### [TASK ITEM]
When the line with "Picture 1 of 7" turns up below, begin repeating exactly, and carry on through the line with "2019 Ferrari 488 Spider - Image 6 of 31"; no pictures go into the copy.
Segment Start: DATA TO PROCESS
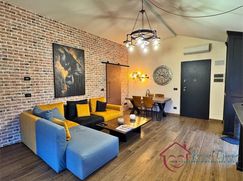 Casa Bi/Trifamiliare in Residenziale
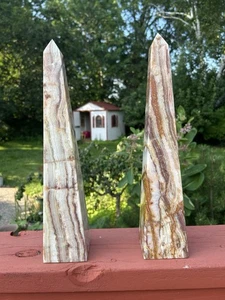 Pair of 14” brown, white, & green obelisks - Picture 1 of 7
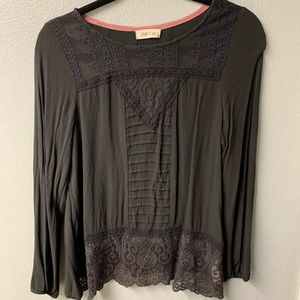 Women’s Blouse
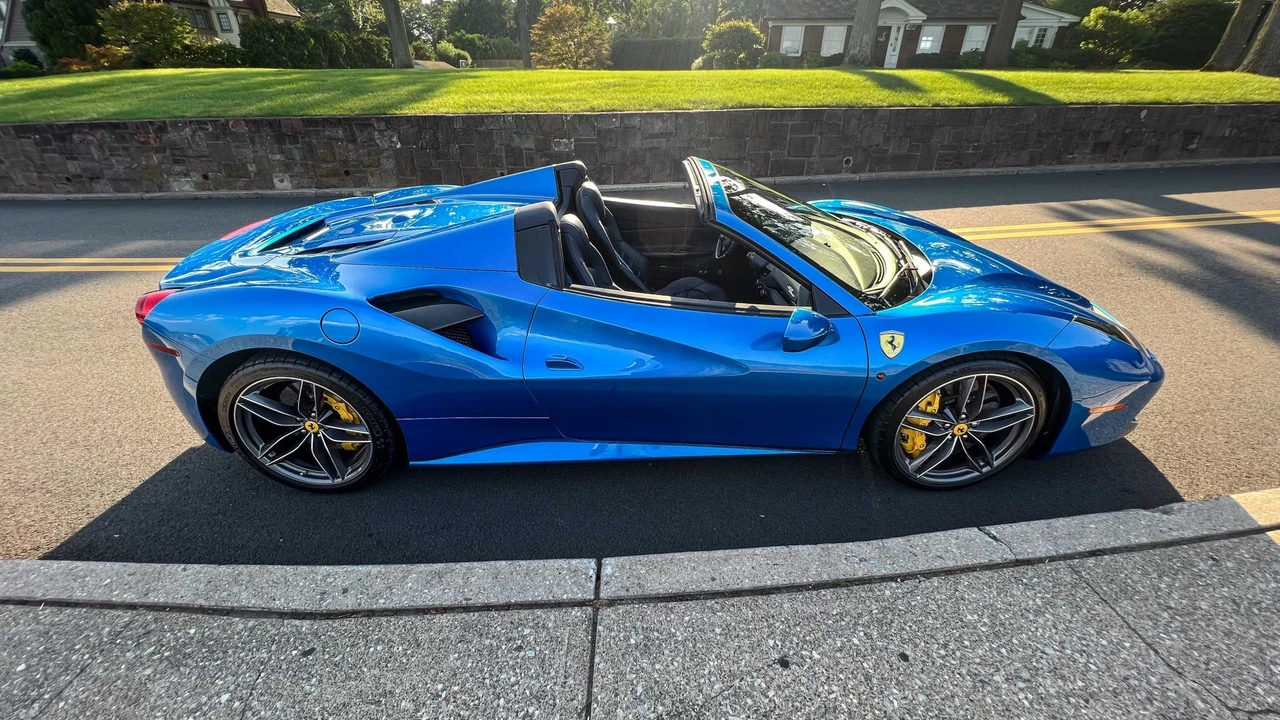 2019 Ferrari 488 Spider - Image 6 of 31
Segment End: DATA TO PROCESS
Segment Start: DATA TO PROCESS
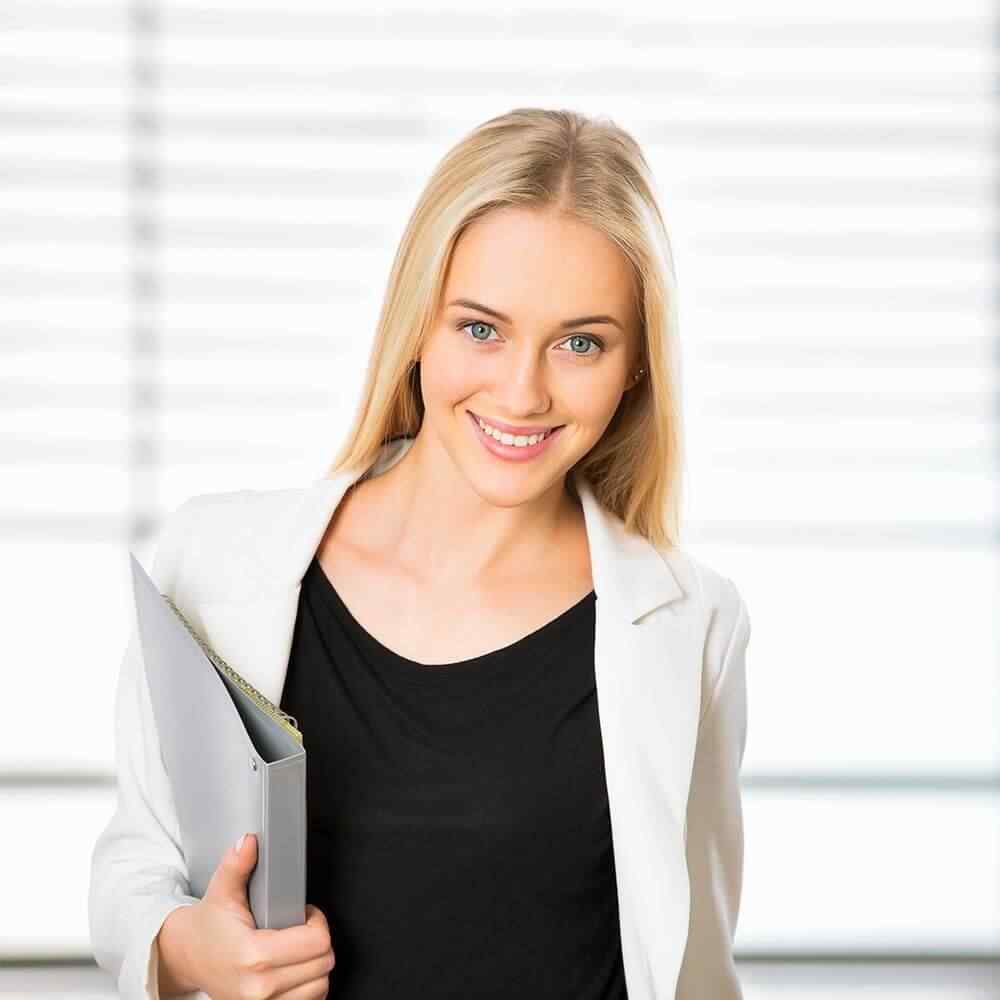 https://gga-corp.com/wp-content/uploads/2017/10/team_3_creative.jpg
Segment End: DATA TO PROCESS
### [SOLUTION TO THIS EXERCISE]
 Pair of 14” brown, white, & green obelisks - Picture 1 of 7
 Women’s Blouse
 2019 Ferrari 488 Spider - Image 6 of 31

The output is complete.